Supposedly, it’s to stop young people from drinking. But who really believes that? It’s trivial for pretty much anyone under 21 to get alcohol. In my college, whenever you walked into a dorm room, the first thing you saw was all the bottles of vodka lining the shelf. Statistically, more than 85% of Americans drink alcohol before age 21.

And of the other 15%, many abstain after they turn 21 too. In fact, about 30% of Americans say they don’t drink – meaning that many must have tried alcohol when it was illegal, even though they don’t drink when it’s legal. At many colleges, police and school officials have pretty much given up trying to enforce this law, at least as it’s written. Even more than marijuana prohibition, the “drinking age” is an obvious failure.

But what if the real purpose of the “drinking age” isn’t to stop people from drinking? If you’re 18, the real effect of the law isn’t to stop you from having a beer (you can just ask a friend). The actual effect is to stop you from going to places – bars, nightclubs, parties – where alcohol is served. What if the real reason is to exclude college students from adult society?

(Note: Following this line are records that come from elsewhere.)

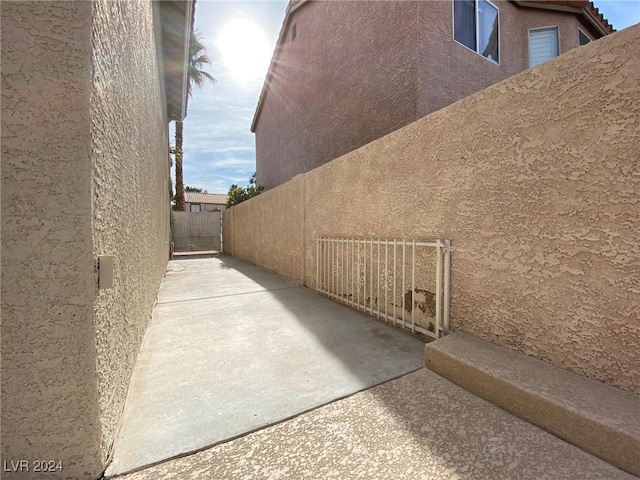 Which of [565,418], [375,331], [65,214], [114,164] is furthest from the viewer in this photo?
[375,331]

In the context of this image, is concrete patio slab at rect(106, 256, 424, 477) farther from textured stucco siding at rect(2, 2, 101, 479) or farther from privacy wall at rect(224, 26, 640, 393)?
privacy wall at rect(224, 26, 640, 393)

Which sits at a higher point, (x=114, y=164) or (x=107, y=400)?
(x=114, y=164)

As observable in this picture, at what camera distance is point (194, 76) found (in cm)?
1512

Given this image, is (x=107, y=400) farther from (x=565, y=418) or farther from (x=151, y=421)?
(x=565, y=418)

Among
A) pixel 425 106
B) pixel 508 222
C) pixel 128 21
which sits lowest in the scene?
pixel 508 222

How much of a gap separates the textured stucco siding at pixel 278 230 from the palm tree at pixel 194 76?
A: 8191 millimetres

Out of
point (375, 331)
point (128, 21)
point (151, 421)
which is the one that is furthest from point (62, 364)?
point (375, 331)

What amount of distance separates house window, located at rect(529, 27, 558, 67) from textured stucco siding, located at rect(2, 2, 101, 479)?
35.2 feet

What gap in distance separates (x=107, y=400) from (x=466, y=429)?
2.00m

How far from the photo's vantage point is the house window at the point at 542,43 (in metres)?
8.09

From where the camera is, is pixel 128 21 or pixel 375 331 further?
pixel 375 331

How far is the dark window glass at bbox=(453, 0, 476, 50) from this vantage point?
6492mm

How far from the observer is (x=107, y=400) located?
148cm

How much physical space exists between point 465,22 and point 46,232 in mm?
8785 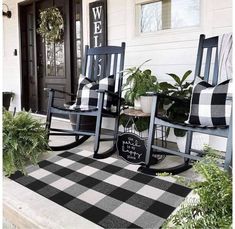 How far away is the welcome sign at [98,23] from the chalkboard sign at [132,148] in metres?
1.55

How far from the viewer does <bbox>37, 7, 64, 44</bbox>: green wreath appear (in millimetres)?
3850

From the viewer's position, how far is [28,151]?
63.6 inches

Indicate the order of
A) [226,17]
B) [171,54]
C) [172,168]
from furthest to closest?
1. [171,54]
2. [226,17]
3. [172,168]

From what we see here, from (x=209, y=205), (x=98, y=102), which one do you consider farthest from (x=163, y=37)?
(x=209, y=205)

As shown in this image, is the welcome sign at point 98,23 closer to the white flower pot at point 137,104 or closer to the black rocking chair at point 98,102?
the black rocking chair at point 98,102

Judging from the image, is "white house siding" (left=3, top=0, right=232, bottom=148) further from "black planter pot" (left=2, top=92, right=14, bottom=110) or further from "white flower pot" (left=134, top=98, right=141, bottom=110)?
"black planter pot" (left=2, top=92, right=14, bottom=110)

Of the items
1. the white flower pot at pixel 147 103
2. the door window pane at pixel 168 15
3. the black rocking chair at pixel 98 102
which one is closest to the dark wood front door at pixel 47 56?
the black rocking chair at pixel 98 102

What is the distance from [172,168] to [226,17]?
1.42 meters

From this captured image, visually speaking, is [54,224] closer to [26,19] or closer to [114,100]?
[114,100]

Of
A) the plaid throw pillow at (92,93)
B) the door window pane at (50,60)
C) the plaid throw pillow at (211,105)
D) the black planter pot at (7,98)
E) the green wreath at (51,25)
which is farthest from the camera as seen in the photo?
the black planter pot at (7,98)

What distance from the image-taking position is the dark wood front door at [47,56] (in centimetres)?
374

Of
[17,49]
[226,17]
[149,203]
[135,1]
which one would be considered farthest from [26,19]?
[149,203]

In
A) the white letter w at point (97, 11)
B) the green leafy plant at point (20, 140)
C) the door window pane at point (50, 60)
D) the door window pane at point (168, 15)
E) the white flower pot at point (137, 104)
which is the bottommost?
the green leafy plant at point (20, 140)

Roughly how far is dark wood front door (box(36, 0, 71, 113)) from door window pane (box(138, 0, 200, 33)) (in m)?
1.34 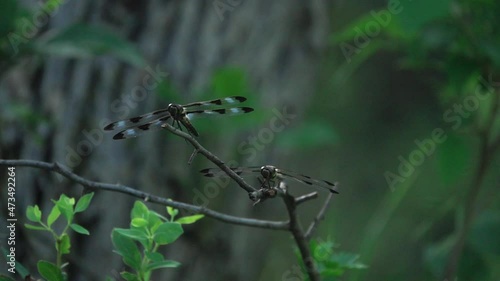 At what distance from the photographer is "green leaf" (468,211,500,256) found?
169 cm

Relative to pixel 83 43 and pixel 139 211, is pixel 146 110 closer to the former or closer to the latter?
pixel 83 43

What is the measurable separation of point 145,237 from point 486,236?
1.15 metres

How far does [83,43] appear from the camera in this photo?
5.64 ft

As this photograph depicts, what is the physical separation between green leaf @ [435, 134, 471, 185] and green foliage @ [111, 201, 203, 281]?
1.11 m

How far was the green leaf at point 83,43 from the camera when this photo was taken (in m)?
1.70

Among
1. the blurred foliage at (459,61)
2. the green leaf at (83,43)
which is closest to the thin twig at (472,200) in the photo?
the blurred foliage at (459,61)

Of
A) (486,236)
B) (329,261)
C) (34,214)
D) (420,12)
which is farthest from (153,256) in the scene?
(486,236)

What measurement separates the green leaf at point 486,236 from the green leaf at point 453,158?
124 millimetres

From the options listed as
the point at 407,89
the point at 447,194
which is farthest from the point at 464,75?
the point at 407,89

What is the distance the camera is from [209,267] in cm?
230

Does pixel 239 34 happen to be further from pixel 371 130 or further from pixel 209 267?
pixel 371 130

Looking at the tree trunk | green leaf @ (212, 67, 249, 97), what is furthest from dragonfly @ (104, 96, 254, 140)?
the tree trunk

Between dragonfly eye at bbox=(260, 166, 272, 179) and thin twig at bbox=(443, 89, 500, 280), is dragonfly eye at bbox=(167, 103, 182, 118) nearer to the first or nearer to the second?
dragonfly eye at bbox=(260, 166, 272, 179)

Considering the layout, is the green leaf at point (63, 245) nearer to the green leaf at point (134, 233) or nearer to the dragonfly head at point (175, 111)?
the green leaf at point (134, 233) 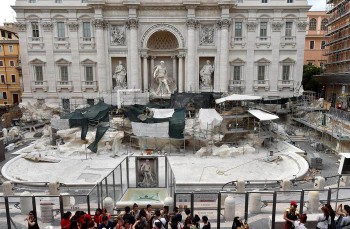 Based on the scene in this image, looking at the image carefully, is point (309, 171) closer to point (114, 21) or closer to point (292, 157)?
point (292, 157)

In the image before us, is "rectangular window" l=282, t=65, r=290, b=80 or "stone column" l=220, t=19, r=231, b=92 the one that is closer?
"stone column" l=220, t=19, r=231, b=92

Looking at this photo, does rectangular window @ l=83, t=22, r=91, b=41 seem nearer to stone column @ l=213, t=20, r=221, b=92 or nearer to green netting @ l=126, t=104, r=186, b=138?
stone column @ l=213, t=20, r=221, b=92

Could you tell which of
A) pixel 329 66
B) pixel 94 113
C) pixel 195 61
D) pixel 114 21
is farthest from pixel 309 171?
pixel 329 66

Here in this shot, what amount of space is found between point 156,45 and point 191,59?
18.2 feet

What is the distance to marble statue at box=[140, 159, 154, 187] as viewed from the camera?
1423cm

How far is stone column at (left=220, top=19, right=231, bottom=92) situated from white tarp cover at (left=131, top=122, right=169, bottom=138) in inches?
650

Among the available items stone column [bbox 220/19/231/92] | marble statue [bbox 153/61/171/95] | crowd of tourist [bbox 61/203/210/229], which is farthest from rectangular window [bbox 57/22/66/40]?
crowd of tourist [bbox 61/203/210/229]

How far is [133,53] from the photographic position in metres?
35.8

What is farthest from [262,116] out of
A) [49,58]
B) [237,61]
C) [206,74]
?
[49,58]

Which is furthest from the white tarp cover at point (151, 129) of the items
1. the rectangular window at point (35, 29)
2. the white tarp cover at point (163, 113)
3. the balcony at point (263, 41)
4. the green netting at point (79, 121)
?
the rectangular window at point (35, 29)

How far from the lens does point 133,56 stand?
35.8 metres

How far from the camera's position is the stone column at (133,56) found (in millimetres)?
35062

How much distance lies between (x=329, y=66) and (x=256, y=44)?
18637 millimetres

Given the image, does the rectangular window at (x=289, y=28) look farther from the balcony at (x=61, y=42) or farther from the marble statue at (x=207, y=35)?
the balcony at (x=61, y=42) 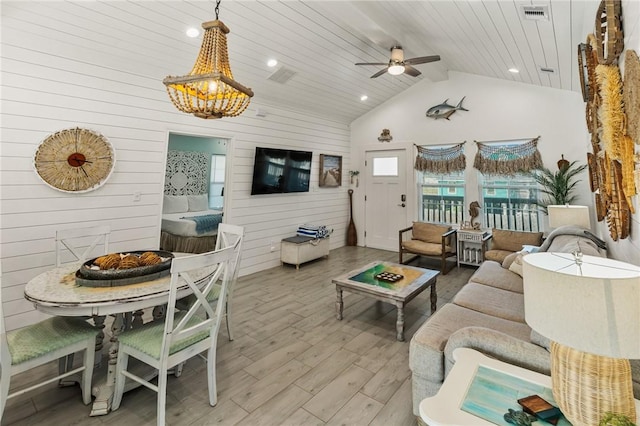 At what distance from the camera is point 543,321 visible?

At least in the US, alcohol’s most important function is social. We meet friends at bars. We have sex with strangers we encounter at bars. We hold parties at bars. We celebrate birthdays at bars, and so on. A huge number of social events involve alcohol. In fact, if someone often gets drunk alone, we don’t see this as healthy behavior – we might think the guy’s an alcoholic. So, the big effect of the drinking age is to exclude college students from social events that aren’t specifically designed for college students.

When I was in college, people occasionally talked about the “bubble”. If you were in college, all of your friends were college students. All of your activities were with student clubs. All of your parties were college parties. Basically, you only really got to know people who were of your own age, intelligence, and social class, and who had been filtered in many other ways (eg. work ethic, interest in “extracurricular activities”). If someone wasn’t a college student, being friends with them was weird. It Just Wasn’t Done.

Why would people want to create societies where everyone is the same? I don’t know. It’s an interesting question. But that people do seems to be empirically true. Fully half of the Ivy League schools (Dartmouth, Cornell, Princeton, Yale) are located in small “college towns”, which don’t really have much to offer other than the college. Of course, these colleges have also been getting more and more exclusive about who they admit – Yale, which loves to brag about its ethnic diversity, draws about half of its students from the wealthiest 2% of families. And before college, most children are highly segregated by age. 13-year-olds spend almost all of their time with other 13-year-olds, not with 12-year-olds or 14-year-olds.

That isn’t right. It isn’t normal. During prehistoric times, and Roman times, and medieval times, and industrial times – all the way up to the 20th century – everyone was friends with a variety of people, both older and younger than them. To quote Paul Graham:

“Teenage kids used to have a more active role in society. In pre-industrial times, they were all apprentices of one sort or another, whether in shops or on farms or even on warships. They weren’t left to create their own societies. They were junior members of adult societies.”

That’s what humans were designed for: the young learning from the old, and the old being helped by the young. That’s still how adult society works. Walk into any office, and what you’ll see is people of different ages talking, thinking, working and building together. If you proposed that everyone from 30 to 35 should be in one department, and everyone from 35 to 40 in another department, people would look at you like a lunatic. (Children do change more from year-to-year than adults do, but the percentage gap between 30 and 35 is the same as that between 10 and 12.)

The important thing isn’t alcohol. When I was at South by Southwest, at age 19, people were throwing bottles of beer at me (literally – I almost got a bad knock on the head!). But I couldn’t go to any of the events after 5 PM, because no one would let me in.

For some strange reason, very few people under 21 were there. And then we’re surprised when college students graduate, and 85% of them move back in with their parents. What’s the alternative, from their perspective? They never met anyone who could get them a job.